Please click here to read this article in inuktitut.
By Teevi Mackay
I have been writing this youth column for almost a year now. I have received feedback from people about it, one of which included that they liked the fact that I share my own personal stories. This is interesting because that was the toughest part when writing — the internal debate I would have — about whether I was being too personal, but I think it has proven to be very powerful for readers.
I am about to write about my personal Inuktitut (learning) journey. I am not fluent in Inuktitut but I am able to understand more than I can speak. Definitely in the last five years I have become better at understanding and speaking Inuktitut because I have made more of an effort in this area.
I was born in Arctic Bay, Nunavut, and moved to Iqaluit when I was just three-years old — in the midst of my formative years. I am sure that I was able to understand and speak Inuktitut before moving to Iqaluit. Almost instantaneously after moving to the mostly English-speaking community of Iqaluit, I lost the ability to speak Inuktitut. My gears at this age quickly switched to speaking English.
It is incredibly difficult and heartbreaking to be unable to speak your own language. This is something that I struggle with and yet I know that if I tried hard enough I could learn it and become fluent. I have sought encouragement from family to learn Inuktitut and I remember my late cousin Nigel telling me “try your best.” These words of encouragement have always rung strong with me and still do today.
I know that many Inuit have strong opinions about Inuktitut, as we should. I have had discussions in the past with classmates who believe that understanding and speaking Inuktitut is a fundamental part of our culture and identity as Inuit, and rightly so. I also believe strongly today and know that encouragement is so important in this area, rather than discouragement.
I have heard a common dialogue from many Inuit over the years about being shy to speak it in fear of making mistakes and embarrassing themselves. I even had a childhood friend say to me that it would sound strange if I were to speak Inuktitut fluently which I feel today was a form of discouragement because I know that it did, indeed, discourage me because I then felt insecure in that area. However, recently I have heard quite the opposite from a close friend of mine who is fluent in Inuktitut and who has been instrumental in being that encouraging voice and mentor in the area of my Inuktitut acquisition.
Part of maturing is becoming aware of these social nuances between yourself and your peers. I have become attuned to who genuinely encourages and aware of those who either directly or indirectly discourage you to become better.
I have listened to the Inuktitut radio as a friend of mine suggested it as it helps with learning Inuktitut. Learning Inuktitut songs while I was enrolled at Nunavut Sivuniksavut (an eight-month training program for Nunavut Inuit) was also an important part of becoming better at speaking Inuktitut. I do know that immersing yourself in the language within a community where Inuktitut is strong is probably the best way to learn it.
A childhood friend of mine from Iqaluit, Franco Buscemi, told me about his experience regaining Inuktitut fluency.
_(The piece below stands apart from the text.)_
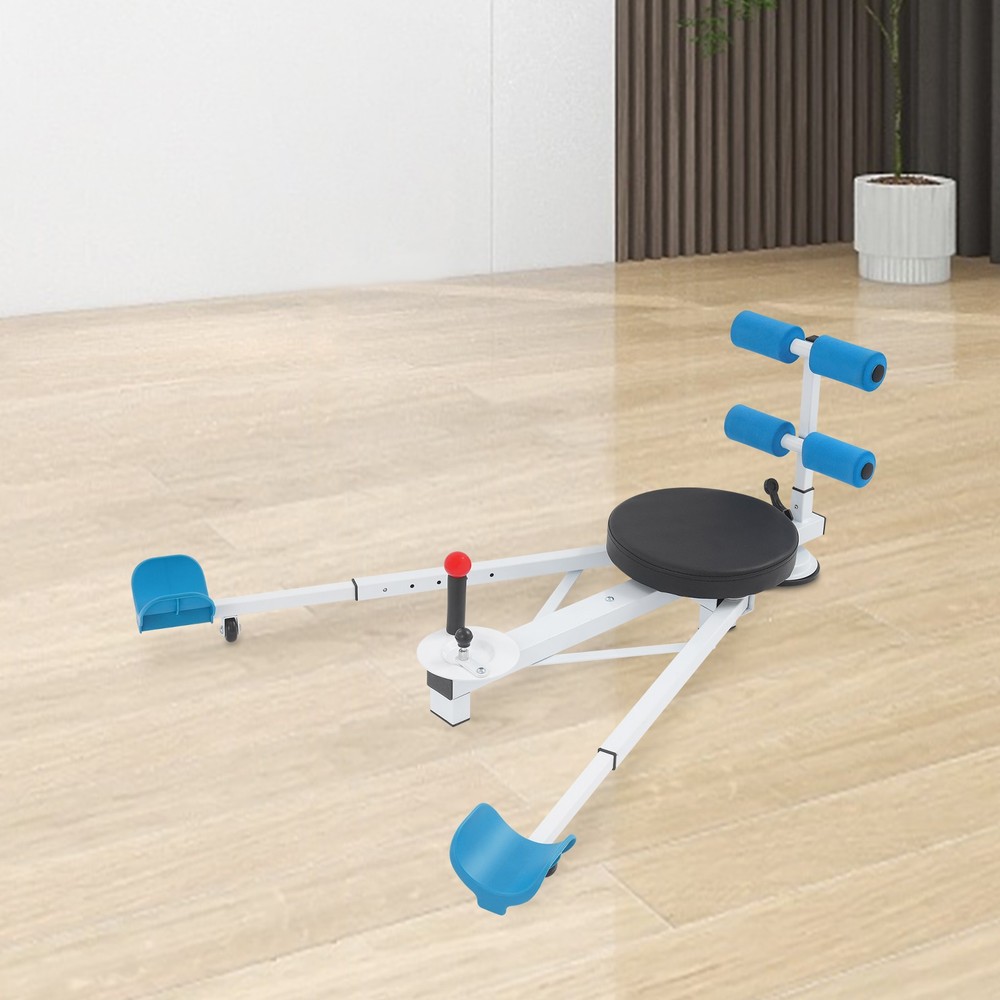 Leg Stretcher Machine Hip Stretch Split Training Flexibility Indoor 330LBS USA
He said that he had to “overcome a few myths that have presented themselves as obstacles and fear” of becoming fluent in Inuktitut. The first myth: he is not good at learning languages. However, he was able to do it anyway. Buscemi says, “Speaking publicly or speaking with people who prefer to use Inuktitut has been effective in building my fluency.”
The second myth against Inuktitut acquisition, according to Buscemi, is having no time to learn Inuktitut. He says, “this is a validation [to not learn Inuktitut]; there is always time — I determine how I allocate it.” Buscemi says that you will always be criticized but “there are far more people who will support and foster the development of learning Inuktitut than there are critics.” Additionally, you should not be discouraged to learn Inuktitut because of the dominance of English because that is just an excuse.
My uncle told me once that when you are fluent in Inuktitut then you become more attuned and closer to the land as Inuit are closely connected to our land, animals, and one another through communities and ultimately through our language.
This is something that really intrigues me. I also feel an incredible connection when I speak in Inuktitut — a connection to myself, Inuit, Inuktitut-speakers, and ultimately, to my culture. The ways in which Inuktitut expresses thought and thinking is powerful and crucial to who I am and where my family comes from.
I feel more encouraged than ever to learn Inuktitut and I want to encourage others to feel that same confidence. It is paramount for our cultural livelihood and for our own personal identity. I also want to encourage non-Inuit to learn Inuktitut as well. Tapping into the richness of Inuit culture is a beautiful thing and is likely to make a difference in your life.
The last myth associated with Inuktitut acquisition that Buscemi shared with me: “Inuktitut is a hard language to learn.”
Actually, Inuktitut isn’t a difficult language to learn. It can be learned, should be learned, and must be learned.